Photosynthesis in plants underpins the existence of many life-forms on Earth. At its heart is a remarkable chemical reaction: the light-powered conversion of water and carbon dioxide into oxygen and carbohydrates. The development of an artificial version of this reaction, based on splitting water into oxygen and hydrogen, is highly desirable, not least because of hydrogen's attraction as a fuel. Reporting in the Journal of the American Chemical Society, Bernhard and colleagues1 describe the preparation of a new family of synthetic catalysts for the first part of this splitting reaction — water oxidation.
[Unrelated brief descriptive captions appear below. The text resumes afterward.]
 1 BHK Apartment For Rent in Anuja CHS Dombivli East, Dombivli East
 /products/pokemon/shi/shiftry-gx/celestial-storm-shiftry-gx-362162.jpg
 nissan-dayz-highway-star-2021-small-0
The reactivity of the iridium-based catalysts that they have developed can be modified simply by varying the organic framework surrounding the metal.
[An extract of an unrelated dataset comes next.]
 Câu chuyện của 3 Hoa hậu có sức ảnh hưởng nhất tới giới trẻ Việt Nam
Given the breakthroughs reported seemingly daily in materials science, nanotechnology and molecular biology, it might seem odd that we have made so little progress in designing catalysts for essential reactions such as water oxidation under conditions comparable to those of photosynthesis. The problem is that water oxidation is inherently difficult. It demands the loss of four electrons and four protons from two water molecules, all accompanied by the formation of an oxygen–oxygen bond (Fig. 1a). Removing one electron at a time doesn't work because it produces a high-energy hydroxyl radical and is much too slow (Fig. 1b).

Figure 1: Catalytic water oxidation.

Photosynthesis is fuelled by the conversion of water into oxygen and hydrogen. a, In the first part of this process, known as water oxidation, water is converted into oxygen, four protons (H+) and four electrons (e). b, Oxidation by the removal of one electron at a time is slow because it creates an energetically unfavourable intermediate, a hydroxyl radical (.OH). c, One of the few artificial catalysts for water oxidation is the ruthenium 'blue dimer', which is activated by a cerium salt (shown here as Ce(IV), reduced in the reaction to a lower oxidation state, Ce(III)). d, Bernhard and colleagues1 describe a new family of iridium (Ir) catalysts for water oxidation, shown here. Their activity can be tuned by changing the organic molecules bound to the metal. R1 and R2 represent general chemical groups.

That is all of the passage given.